### Assignment
Lines below starting with the line with "menina de anime" and going on through the line with "portofel piele naturala" must be output exactly; the rest of the records must be left out.

### Records for the task
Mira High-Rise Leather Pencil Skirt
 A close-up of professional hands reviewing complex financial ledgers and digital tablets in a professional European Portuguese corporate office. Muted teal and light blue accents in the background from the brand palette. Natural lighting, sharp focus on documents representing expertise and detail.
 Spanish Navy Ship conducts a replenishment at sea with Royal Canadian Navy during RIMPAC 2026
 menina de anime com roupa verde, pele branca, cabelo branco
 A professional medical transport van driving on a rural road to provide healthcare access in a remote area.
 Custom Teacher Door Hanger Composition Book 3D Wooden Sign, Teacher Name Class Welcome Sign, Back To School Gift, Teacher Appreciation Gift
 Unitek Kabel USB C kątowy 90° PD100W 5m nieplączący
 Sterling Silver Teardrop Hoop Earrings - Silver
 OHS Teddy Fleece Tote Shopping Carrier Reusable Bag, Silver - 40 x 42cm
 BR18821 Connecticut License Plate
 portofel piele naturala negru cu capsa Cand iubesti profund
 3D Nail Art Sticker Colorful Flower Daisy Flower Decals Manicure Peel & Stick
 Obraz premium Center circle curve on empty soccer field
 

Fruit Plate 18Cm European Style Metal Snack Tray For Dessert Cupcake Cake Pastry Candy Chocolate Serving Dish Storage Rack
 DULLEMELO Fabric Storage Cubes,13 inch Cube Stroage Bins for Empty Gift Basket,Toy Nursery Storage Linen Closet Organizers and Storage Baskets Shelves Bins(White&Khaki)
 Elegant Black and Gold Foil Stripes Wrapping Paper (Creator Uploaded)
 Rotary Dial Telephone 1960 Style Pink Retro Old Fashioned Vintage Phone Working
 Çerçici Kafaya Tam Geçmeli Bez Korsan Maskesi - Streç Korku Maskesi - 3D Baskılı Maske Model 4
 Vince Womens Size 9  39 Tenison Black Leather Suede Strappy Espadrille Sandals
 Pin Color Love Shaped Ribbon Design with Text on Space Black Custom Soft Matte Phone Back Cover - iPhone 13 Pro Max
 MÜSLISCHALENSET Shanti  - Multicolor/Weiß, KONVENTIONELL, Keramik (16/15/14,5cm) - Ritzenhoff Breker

### Task result
 menina de anime com roupa verde, pele branca, cabelo branco
 A professional medical transport van driving on a rural road to provide healthcare access in a remote area.
 Custom Teacher Door Hanger Composition Book 3D Wooden Sign, Teacher Name Class Welcome Sign, Back To School Gift, Teacher Appreciation Gift
 Unitek Kabel USB C kątowy 90° PD100W 5m nieplączący
 Sterling Silver Teardrop Hoop Earrings - Silver
 OHS Teddy Fleece Tote Shopping Carrier Reusable Bag, Silver - 40 x 42cm
 BR18821 Connecticut License Plate
 portofel piele naturala negru cu capsa Cand iubesti profund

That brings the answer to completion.